→ WHAT IS BEING ASKED
As soon as the line containing "Tarte framboises-chocolat blanc" appears, start repeating lines exactly and continue to the end of the entries; please skip pictures.
[Opening EXTRACTED MATERIAL section]
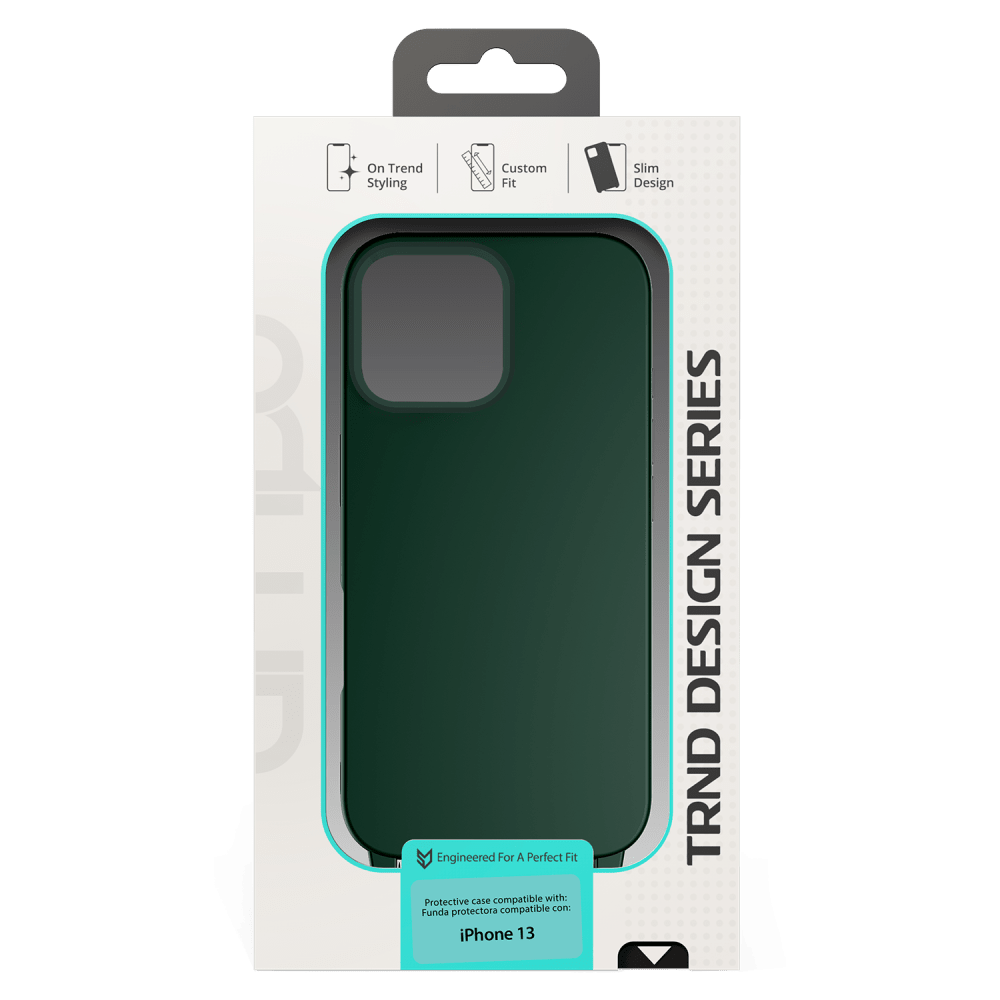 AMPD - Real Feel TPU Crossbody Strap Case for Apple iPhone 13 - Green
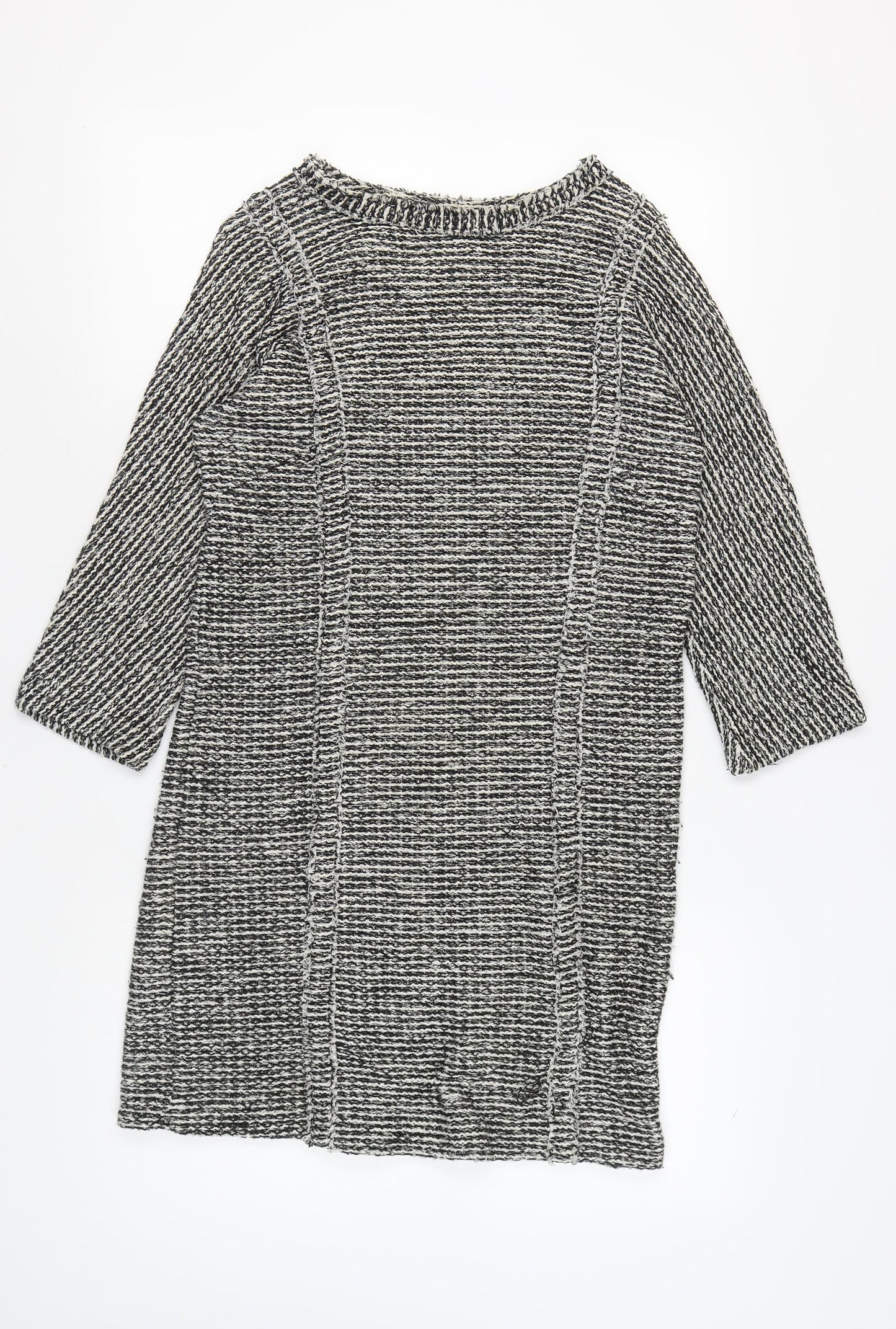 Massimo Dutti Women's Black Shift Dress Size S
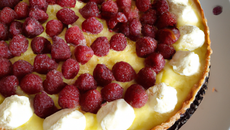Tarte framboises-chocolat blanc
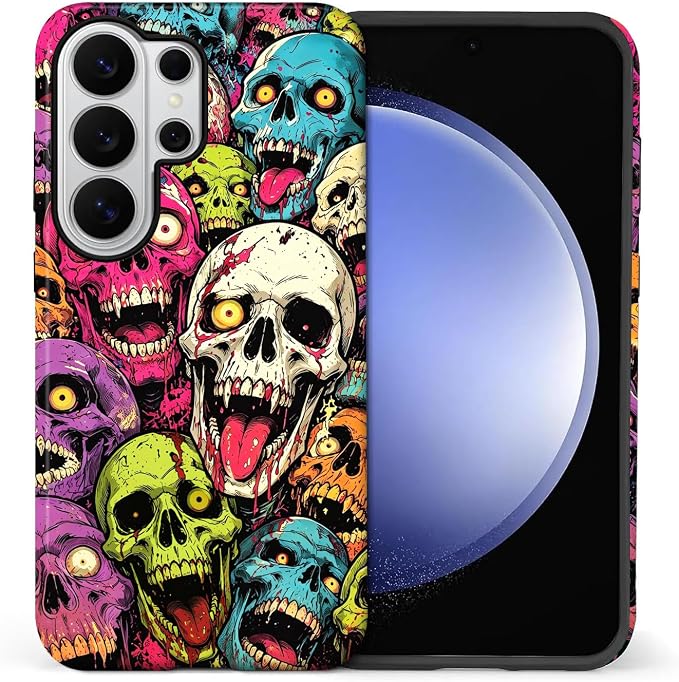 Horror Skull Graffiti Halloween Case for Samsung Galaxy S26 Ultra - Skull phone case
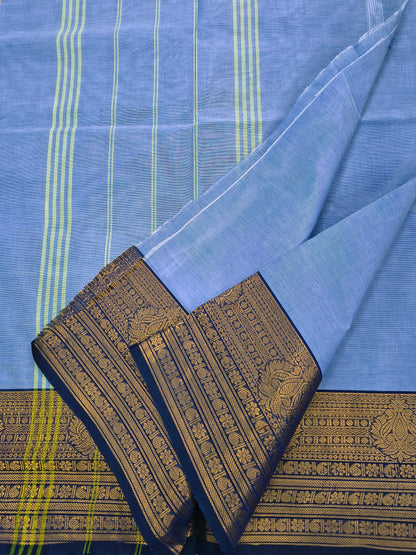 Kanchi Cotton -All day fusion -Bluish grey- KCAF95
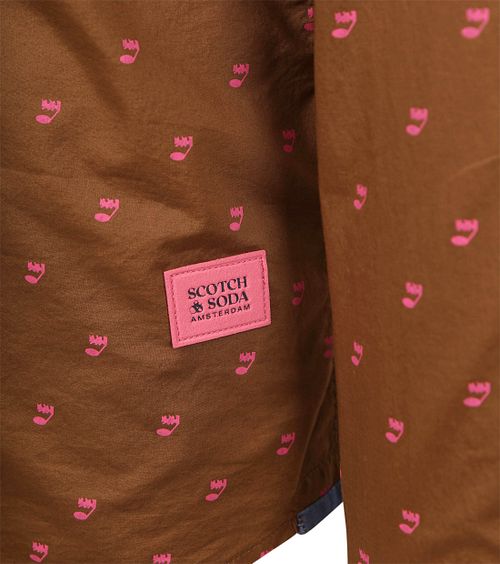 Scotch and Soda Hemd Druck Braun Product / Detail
[Closing EXTRACTED MATERIAL section]
→ ANSWER FOR THE TASK
Tarte framboises-chocolat blanc
 Horror Skull Graffiti Halloween Case for Samsung Galaxy S26 Ultra - Skull phone case
 Kanchi Cotton -All day fusion -Bluish grey- KCAF95
 Scotch and Soda Hemd Druck Braun Product / Detail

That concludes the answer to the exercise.